Piezoelectric material has proven to be a key to achieving high-resolution positioning, which is crucial for fundamental research and industrial applications. Recent studies on the piezoelectricity of two-dimensional (2D) materials provide opportunities for constructing thin electromechanical coupled devices, such as nanoscale mechanical transducers and microenergy systems (13). Because of the break of centrosymmetry in monolayer crystals, only a few 2D layered materials (including graphene, h-BN, C3N4, and 2H-ACh2, where A = W, Mo; Ch = S, Se, Te) have been predicted to have piezoelectricity (4, 5), which has been exemplified in a few layered MoS2-based flexible and suspended devices (1, 2, 6).

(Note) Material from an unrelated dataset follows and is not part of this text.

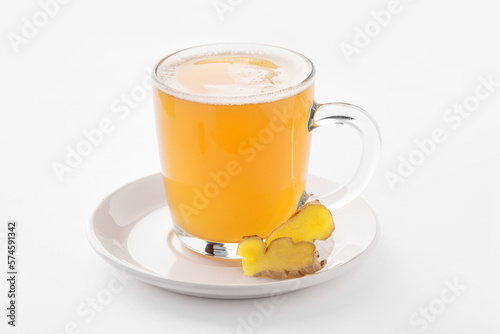 Hot ginger drink with spices in a transparent cup on a white background.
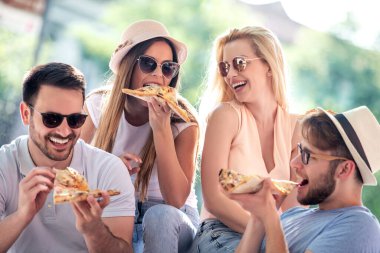 Arkadaşlar pizza yiyor, dışarıda eğleniyor. İnsanlar, eğlence, yemek ve yaşam tarzı konsepti..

In these studies, in-plane strain was produced by an atomic force microscopy (AFM) tip (or flexible substrate) on the films, which resulted in charge aggregation when a lateral bias was applied to the materials (Fig. 1). However, these methods can only be used to study in-plane piezoelectricity, such as d11 and d22, although the vertical piezoelectric coefficient (d33) is the key parameter to evaluate the performance of piezoelectric materials.

Fig. 1 Schematic illustration of local characterization of in-plane piezoelectricity and vertical piezoelectricity.

In-plane piezoelectricity (piezo) (d11, d22) of ultrathin materials is the planar electromechanical couple behavior, where the applied stress and produced piezoelectric potential are located at the in-plane of exposed lattice plane. Vertical piezoelectricity (d33) focus on electromechanical interaction occurred in the vertical axis, which is perpendicular to the surface of materials. The high-precision deformation actuator can be implemented using accurate positioning of the materials surface by vertical inverse piezoelectricity.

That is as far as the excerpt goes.